Plotting Cross-Validated Predictions#

This example shows how to use cross_val_predict together with PredictionErrorDisplay to visualize prediction errors.

# Authors: The scikit-learn developers
# SPDX-License-Identifier: BSD-3-Clause

We will load the diabetes dataset and create an instance of a linear regression model.

from sklearn.datasets import load_diabetes
from sklearn.linear_model import LinearRegression

X, y = load_diabetes(return_X_y=True)
lr = LinearRegression()

cross_val_predict returns an array of the same size of y where each entry is a prediction obtained by cross validation.

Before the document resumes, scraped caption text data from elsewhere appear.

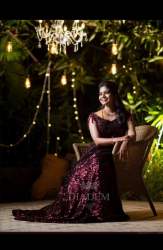 GEORGGETE GOWN WITH FULLY SEQUENCE WORK BOTH SIDE 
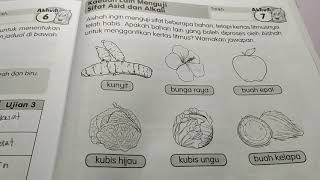 Sains tahun 3 | asid dan alkali | part 2 | perbincangan buku aktiviti sains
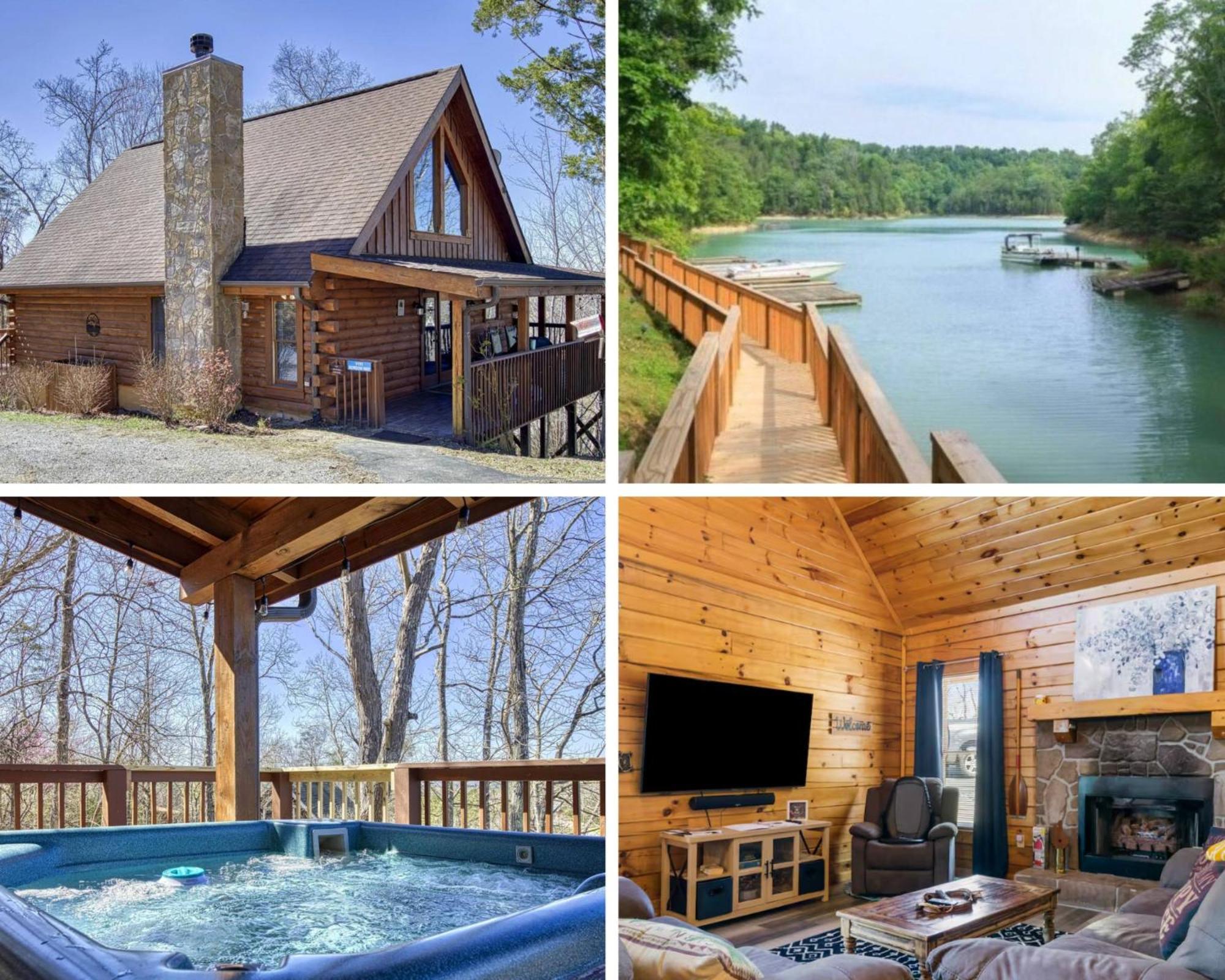 Serenity, A Rustic Log Cabin Retreat Sevierville Esterno foto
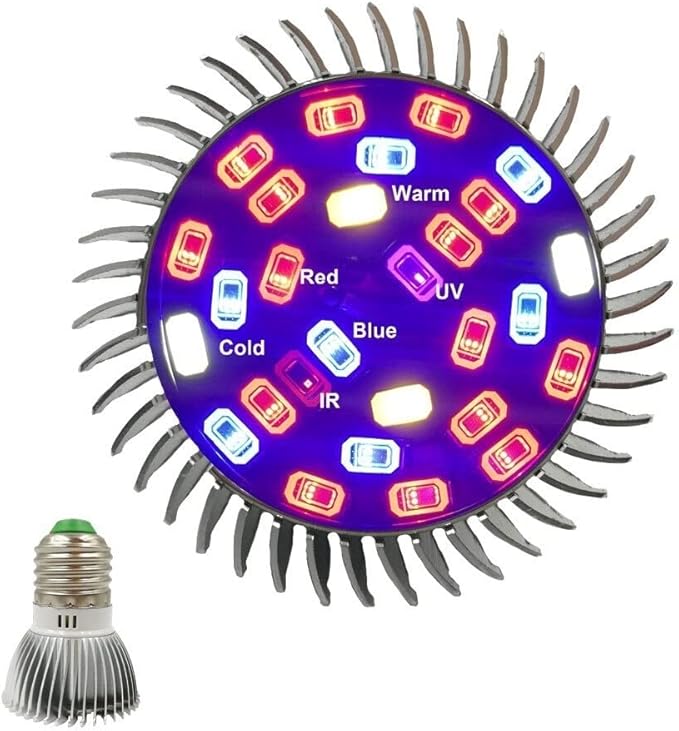 Home Bulbs 5W AC85-110V E27 28LEDs Full Spectrum Grow Light Led Grow Lamp Hydroponic Systems Best for Medicinal Plants Growth Flowering 10 PCS/Pack Household Lamp
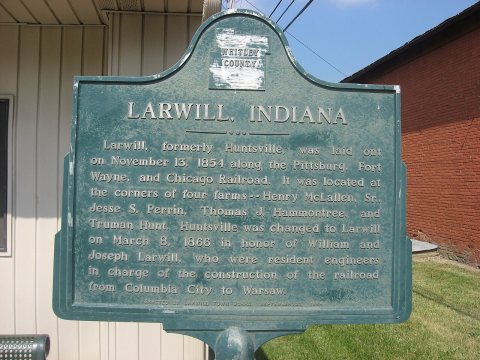 Historical marker in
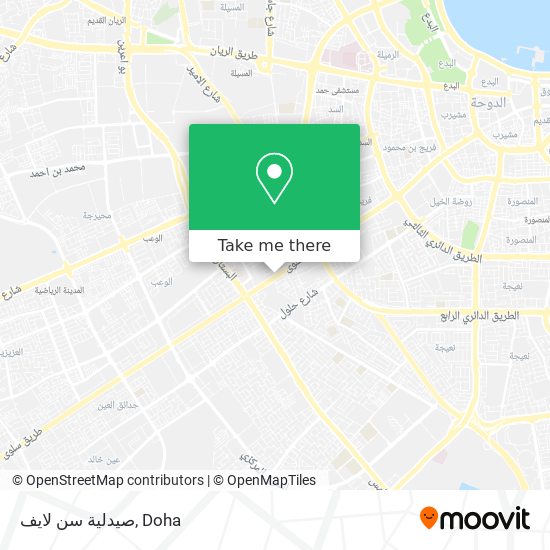 صيدلية سن لايف map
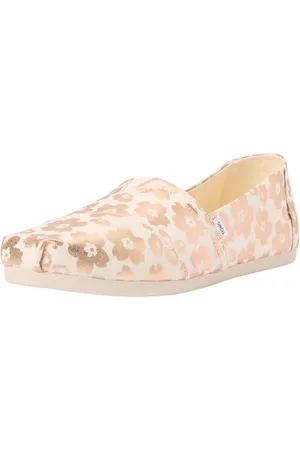 TOMS Damskie mokasyny Alpargata Cloudbound Flat, Beżowa folia Ojai kwiatowy nadruk, 42 EU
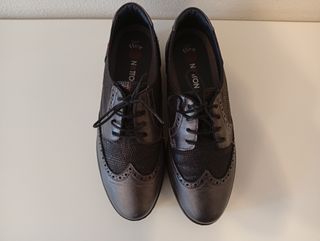 Zapatos NOTTON mujer gris metalizado T39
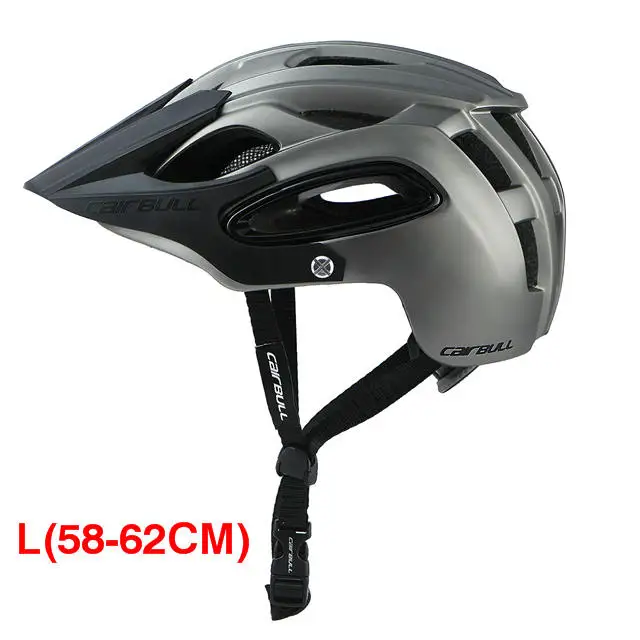 CAIRBULL, полностью терраи, велосипедный шлем Casco Ciclismo PC+ EPS, велосипедный горный шлем для мужчин и женщин, для спорта на открытом воздухе, защитный велосипедный шлем BMX - Цвет: titanium L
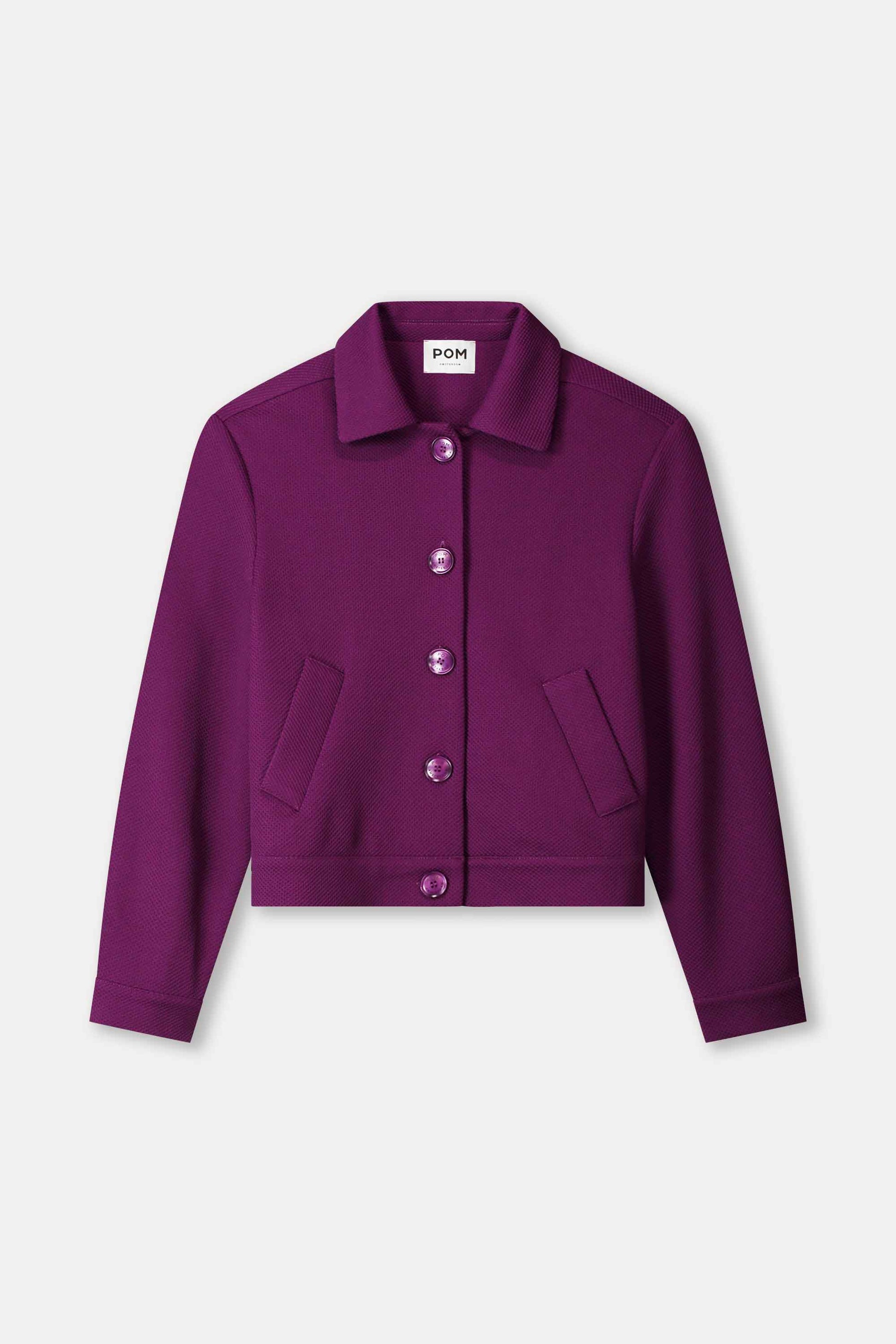 POM Amsterdam Jackets JACKET - Iris Plum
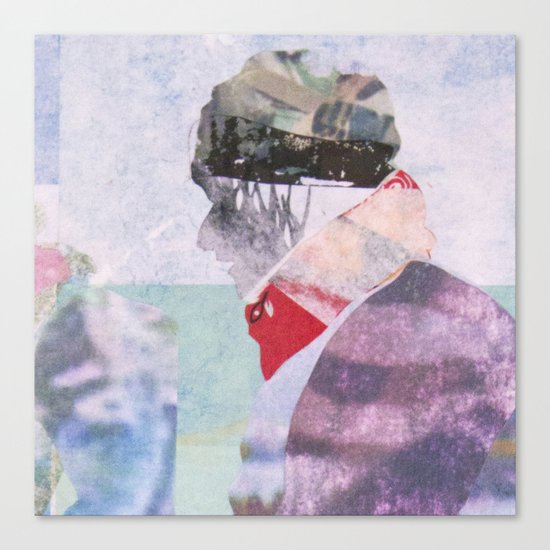Precipice (detail) Canvas Print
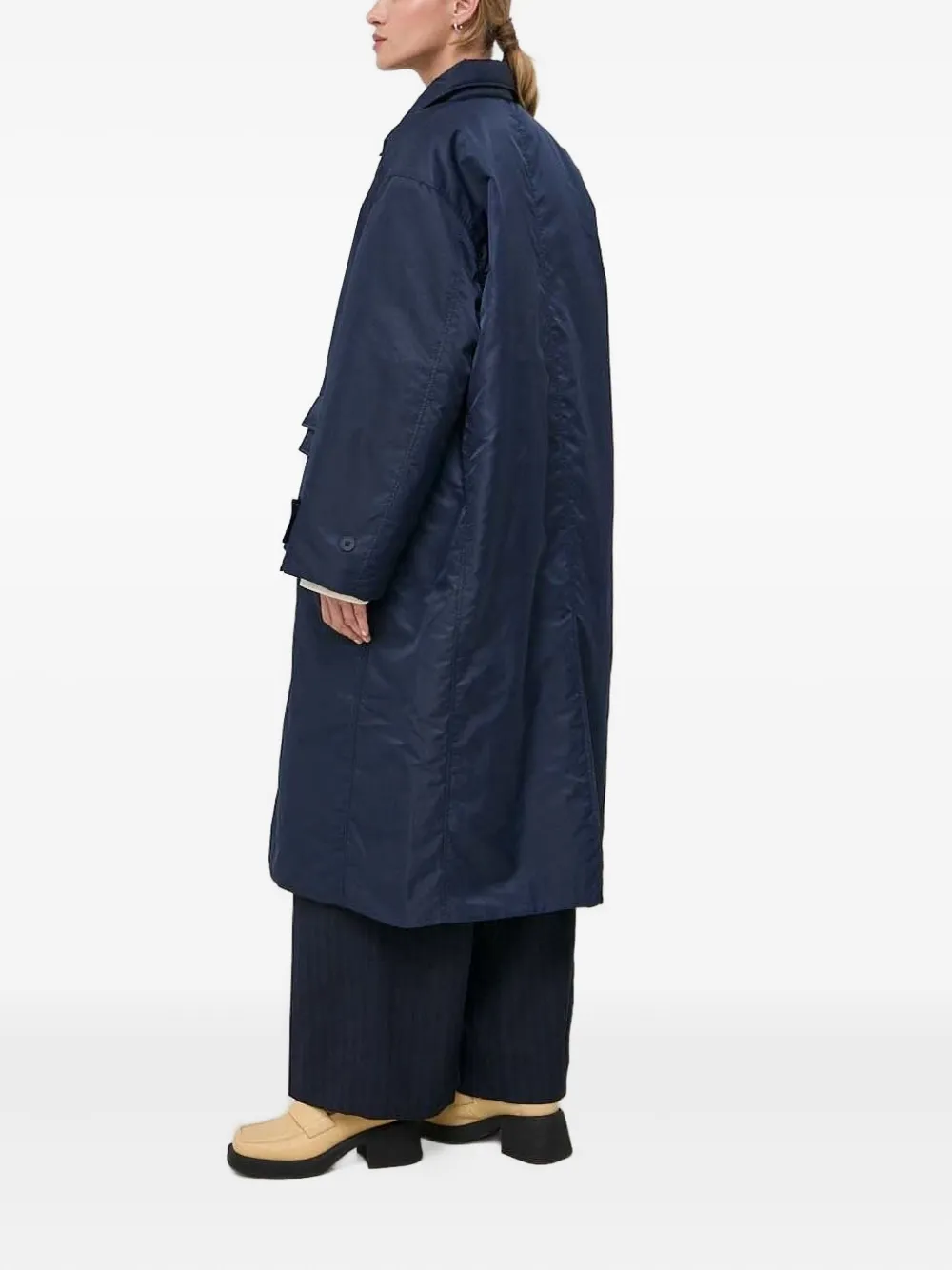 lovechild buttoned flap-pocket coat | Oversized Jackets | Image 2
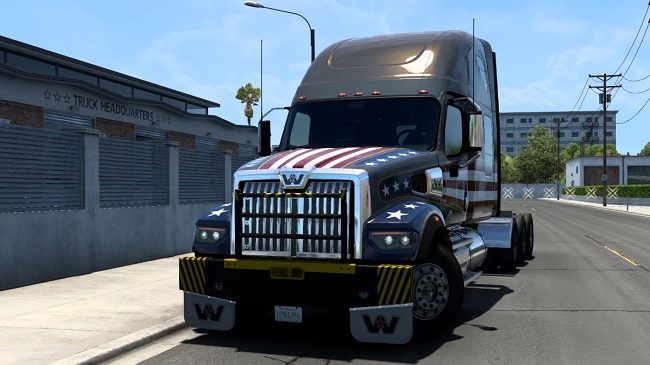 Marks Western Star 49X Edit v1.5.1 для American Truck Simulator (1.47.x)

from sklearn.model_selection import cross_val_predict

y_pred = cross_val_predict(lr, X, y, cv=10)

Since cv=10, it means that we trained 10 models and each model was used to predict on one of the 10 folds. We can now use the PredictionErrorDisplay to visualize the prediction errors.

On the left axis, we plot the observed values \(y\) vs. the predicted values \(\hat{y}\) given by the models. On the right axis, we plot the residuals (i.e. the difference between the observed values and the predicted values) vs. the predicted values.

import matplotlib.pyplot as plt

from sklearn.metrics import PredictionErrorDisplay

fig, axs = plt.subplots(ncols=2, figsize=(8, 4))
PredictionErrorDisplay.from_predictions(
    y,
    y_pred=y_pred,
    kind="actual_vs_predicted",
    subsample=100,
    ax=axs[0],
    random_state=0,
)
axs[0].set_title("Actual vs. Predicted values")
PredictionErrorDisplay.from_predictions(
    y,
    y_pred=y_pred,
    kind="residual_vs_predicted",
    subsample=100,
    ax=axs[1],
    random_state=0,
)
axs[1].set_title("Residuals vs. Predicted Values")
fig.suptitle("Plotting cross-validated predictions")
plt.tight_layout()
plt.show()